> **RAW DATA**
------------------------

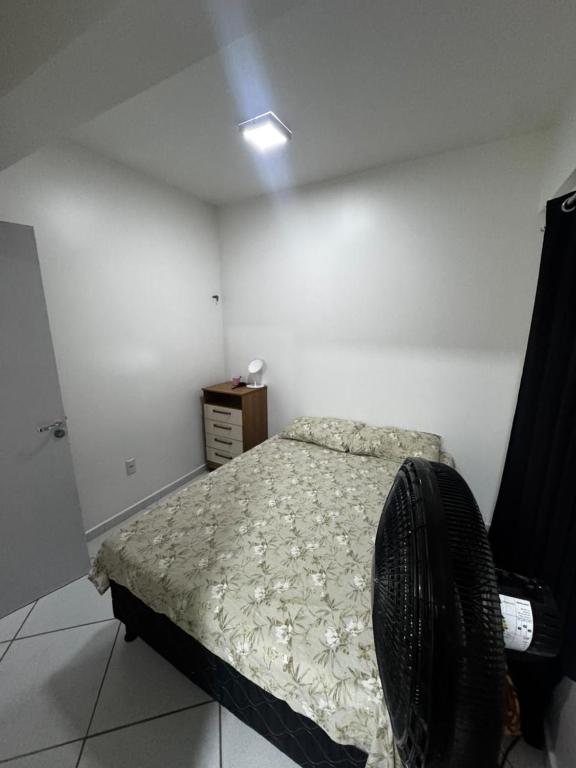a bedroom with a bed and a dresser in it at Ap FIG Garanhuns in Garanhuns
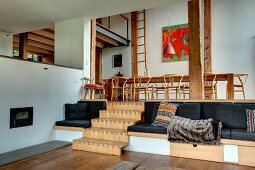 Split-Level Wohnbereich mit eingebauten Sitzmöbeln, Holztreppe und Galerie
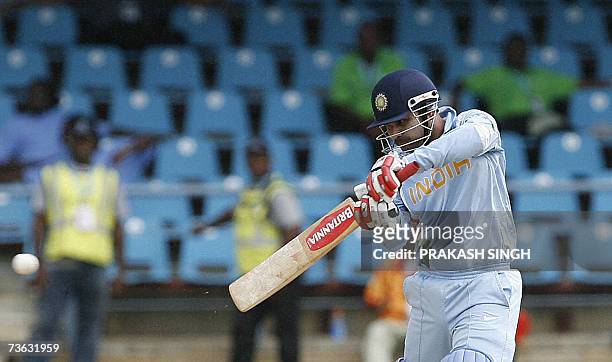 Port-of-Spain, TRINIDAD AND TOBAGO: India Cricketer Virendra Sehwag plays a shot during group stage match between India and Bermuda, at the Queen's...
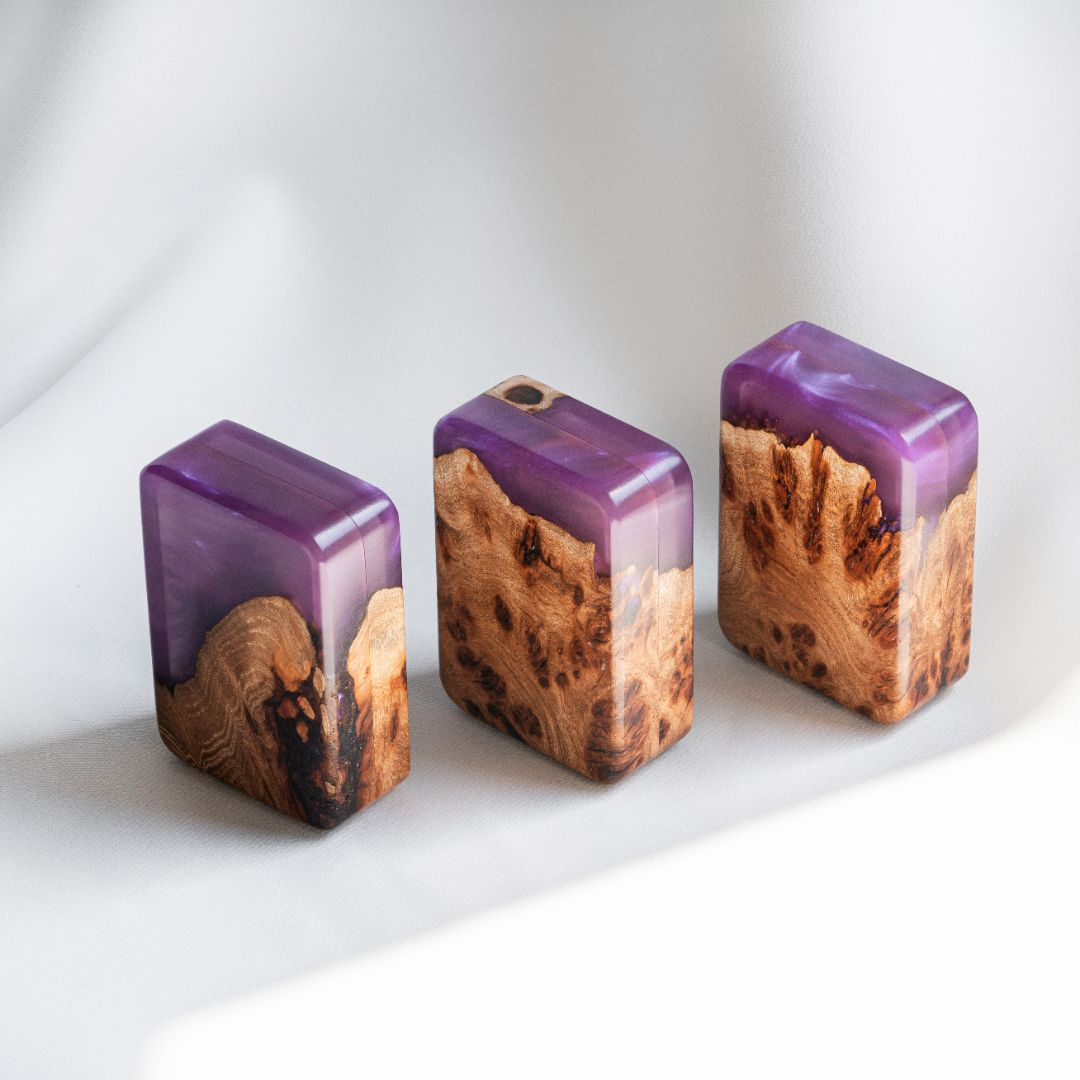 Three handcrafted purple epoxy and elm wood engagement ring boxes from different angles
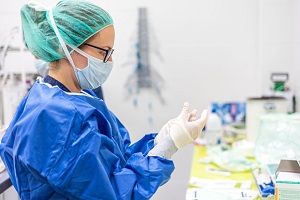 Nurse putting on PPE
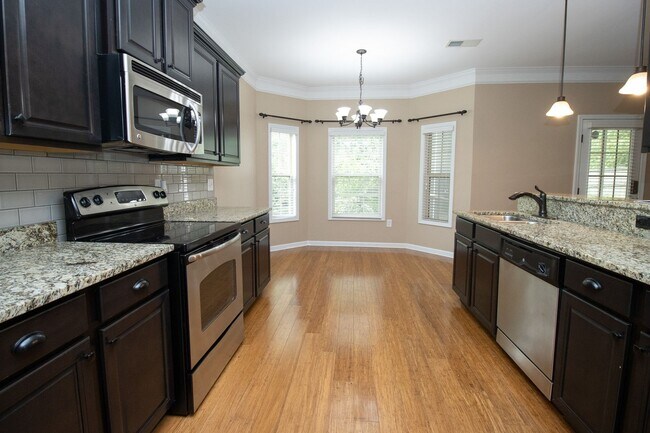Building Photo - Elegant All-Brick 4 Bedroom Home on a Quie...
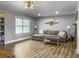 This large living room has wood flooring, big windows for lots of light, and comfortable seating at 416 Jelly Rolls Rd, Moncks Corner, SC 29461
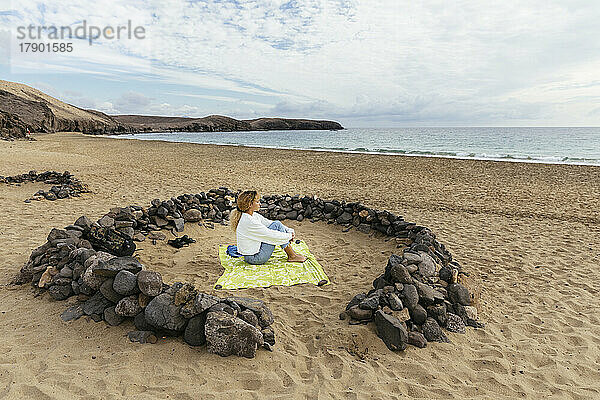 Junge Frau sitzt inmitten von Felsen und blickt vom Strand aus auf das Meer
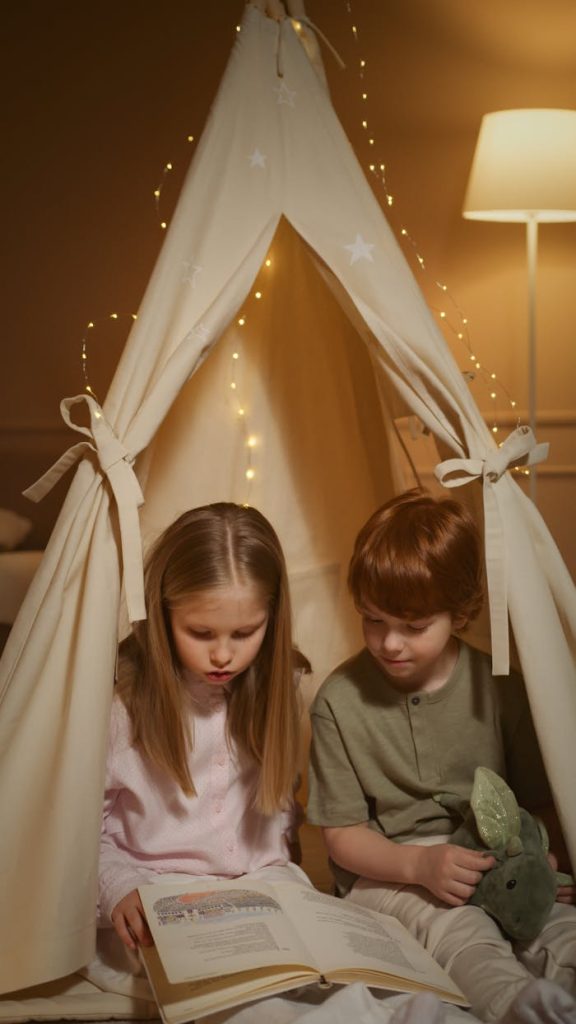 a-boy-and-a-girl-reading-a-book-7494468 Two children reading a book inside a cozy indoor tent lit by fairy lights.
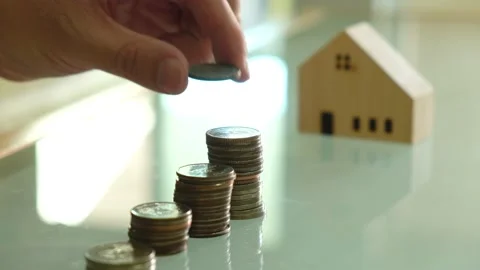 Indoor shot. Selective focus, close up at men hand put coins into increase st Video stock 146363861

------------------------

> **WORK REQUEST**
Please reproduce the lines exactly from the one containing "Building Photo - Elegant" through the last line of the data above, and keep the pictures out.

> **TASK SOLUTION**
Building Photo - Elegant All-Brick 4 Bedroom Home on a Quie...
 This large living room has wood flooring, big windows for lots of light, and comfortable seating at 416 Jelly Rolls Rd, Moncks Corner, SC 29461
 Junge Frau sitzt inmitten von Felsen und blickt vom Strand aus auf das Meer
 a-boy-and-a-girl-reading-a-book-7494468 Two children reading a book inside a cozy indoor tent lit by fairy lights.
 Indoor shot. Selective focus, close up at men hand put coins into increase st Video stock 146363861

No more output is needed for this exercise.